7 commentaires sur Ils ont censuré la Ve République.

  1. Hervé Hanot // 6 décembre 2024 à 14 h 59 min //

    L’origine d’une crise de Régime.
    Dans l’esprit de la Constitution de 1958, l’élection présidentielle est considérée comme la rencontre d’un homme (ou d’une femme) avec son Peuple.
    C’est à ce dernier de décider qui sera son chef et dans le prolongement de son élection, de lui donner la capacité de gouverner en le faisant bénéficier d’une majorité à l’Assemblée Nationale par l’intermédiaire des élections législatives.

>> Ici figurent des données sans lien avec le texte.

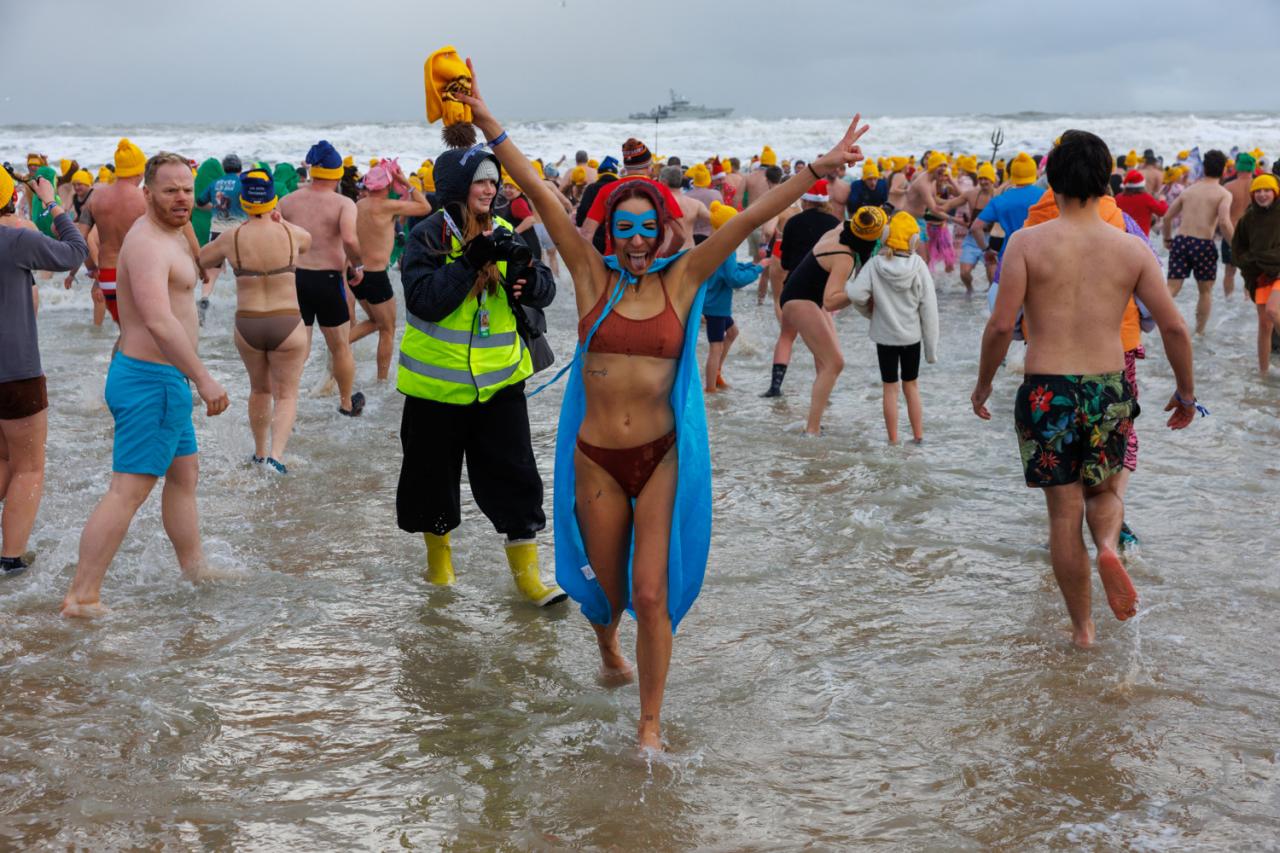 20260103 - Oostende - West-Vlaanderen: Sfeerbeeld - Nieuwjaarsduik - Kw© Foto Kurt bvba0475 / 75 39 89051 / 72 67 39info@fotokurt.bewww.fotokurt.be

    Le problème qui se pose actuellement, et ce de façon aigue, repose sur un malentendu. A savoir que M. Macron n’a pas été élu par le peuple mais a pu rester à l’Elysée uniquement grâce ou à cause du rejet, à tort ou à raison, de son adversaire.
    Logiquement, et par voie de conséquence, les Français ne lui ont pas permis dès lors de disposer d’une majorité, lors des Législatives qui ont suivi mais plus encore ont voulu contredire ce résultat obtenu en amont.
    La légitimité du Président actuel ne saurait donc être remise en cause sur le plan strictement institutionnel car il a été élu démocratiquement pour 5 ans. Toutefois cette dernière reste entachée par ce qu’il faut bien appeler un quiproquo électoral.
    Il s’agit tout bonnement de la différence qui existe entre l’Esprit et la Lettre. Macron semble plus attaché à la seconde plutôt qu’au premier et c’est l’origine du marasme politique dans lequel depuis 2022, il a plongé, et plonge aujourd’hui plus encore notre pays.

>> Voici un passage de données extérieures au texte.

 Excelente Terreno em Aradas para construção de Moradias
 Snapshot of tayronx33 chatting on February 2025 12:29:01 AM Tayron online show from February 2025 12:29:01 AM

  2. Qui donc oserait comparer les décisions clairvoyantes du Gl
    de Gaulle placé face à la censure du Gouvernement Pompidou, à la médiocrité comportementale d’un p’it chef venu de nul part avec pour seule ambition de se jouer de la France et des Français comme un gamin dans une cour d’école ?
    Nous osons espérer qu’une majorité de nos compatriotes ne feront pas la comparaison !!!!!

  3. Super article, très informatif ! Je ne savais pas que l’attentat du Petit-Clamart avait mené à une réforme constitutionnelle aussi importante. Pensez-vous que des changements similaires dans notre constitution seraient possibles dans le climat politique actuel ? Certaines sources en ligne, comme le site world-prices.com, abordent les questions de coûts et de politique, mais il est difficile de savoir si leurs données sont précises.

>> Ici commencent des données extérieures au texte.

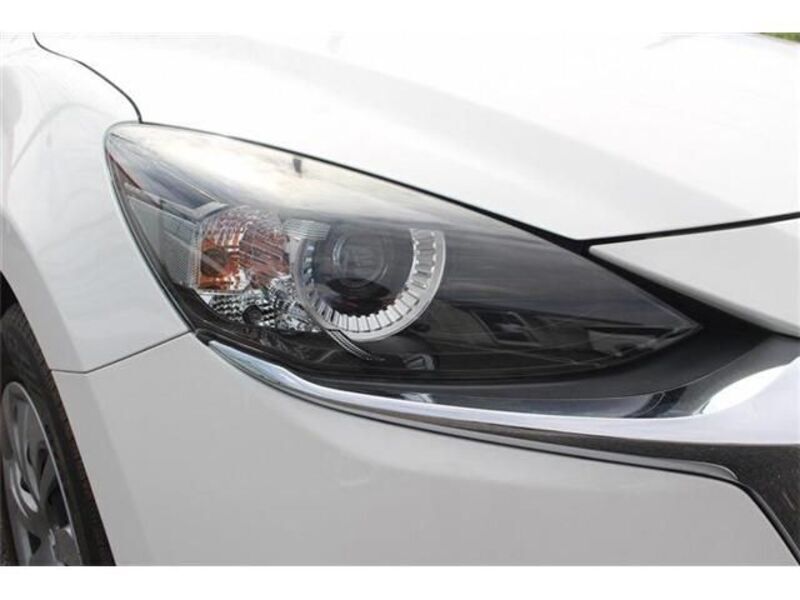 MAZDA2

  4. Latini Jacques // 5 décembre 2024 à 20 h 19 min //

    Le général était loin de s’imaginer qu’un jour un psychopathe viendrait à tout détruire

  5. Fossoyeur de la République dans tous les compartiments de l’action Publique, le Chérubin du Palais va encore profiter de son statut acquit à bon compte pour achever la destruction de la Vème République. L’Hitoire retiendra peut-être que les citoyens de ce début de troisième millénaire ont dans une large majorité fermer les yeux sur un désastre de gouvernance de la France annoncé depuis 2017 et même avant !!!!!!

  6. Lecourvoisier // 5 décembre 2024 à 17 h 36 min //

    Ils n’ont pas censuré la Vème république juste Barnier

  7. Très bien ! Utile rappel ! Cela n’a rien à voir avec la piteuse situation actuelle de déficit irrémédiable des finances publiques et de perte de confiance généralisée. – J.